On 3rd November Jamie and I boarded a plane in freezing cold Manchester and eight and a half hours later arrived in sunny Goa at seven in the morning.
From Dabolim airport it was a hairy, cow dodging taxi ride to Patnem, but an hour later we were at the beach.
As we dragged our wheely suitcases along the sand to our accommodation at Sea Front Beach Huts, I eagerly stared around trying to soak up the atmosphere of the place. And I spied relaxed, hippy looking types, supping on lassis and masalas teas. They looked happy – this was a postive sign – I sensed we were going to have a very good time.
In the weeks leading up to the holiday, I had made lots of plans as to how we’d spend our fortnight – day trips, local markets and perhaps an outing to a spice farm.
Then when we got there, reality hit. It was so damn hot and nice. I literally couldn’t arsed to move much. Forget day trips, I wanted to do nothing.
It was a very long 14 days, filled with competitive scrabble playing, book reading and watching the world go by on the beach. The Goans are delightful people – charming, happy and friendly and this was a big part of why we enjoyed Patnem so much.
We started out literally having curry for breakfast, lunch and dinner – which I thoroughly enjoyed. But after a few days I was starting crave fresh fruit and veg, and eating paratha (Indian layered bread) three times a day was leaving me feeling bloated. So we moved on to amazing smoothie bowls with fresh fruit at ‘Zest’ health cafe for breakfast, and tasty salads for lunch at ‘Home’, a peaceful and pretty beach front restaurant. We stayed committed to curries in the evenings though when we’d jump in a rickshaw and drive a mile down the road to lively Palolem for dinner and drinks.
Despite never leaving the two neighbouring beaches of Patnem and Palolem for a fortnight, it still felt like such an adventure.
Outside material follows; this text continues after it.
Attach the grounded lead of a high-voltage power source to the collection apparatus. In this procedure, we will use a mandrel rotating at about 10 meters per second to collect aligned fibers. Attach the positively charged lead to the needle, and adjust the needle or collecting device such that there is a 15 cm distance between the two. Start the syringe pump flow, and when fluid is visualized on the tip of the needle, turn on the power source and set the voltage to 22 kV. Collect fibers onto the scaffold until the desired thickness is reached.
Just the interactions we were having with local waiters, shop owners and rickshaw drivers felt exciting and interesting. And the atmosphere of Patnem itself, which is known for its many yoga schools, felt exotic – not only because of the melting pot of nationalities hanging out there: Israelis, Germans, Russians, Brits and even Indians on holiday, but the yoga vibe of the resort was very different to any holiday I’ve ever been on. Watching people do classes on the beach was fascinating – admittedly sometimes the chanting got on my nerves, but largely I loved watching the focus, dedication and grace of these people learning their skill.
When it was time to go back to the UK, Jamie and I were both really sad. It had been a magical experience. It wasn’t a hard core immersion into Indian culture – Jamie described it as ‘India light’ – a gentle introduction to the country without the chaos and hassle you might receive in other Indian tourist spots. Two weeks of beautiful beach with my excellent boyfriend in gorgeous hot sunshine, surrounded by lovely Goans – I couldn’t have asked for more.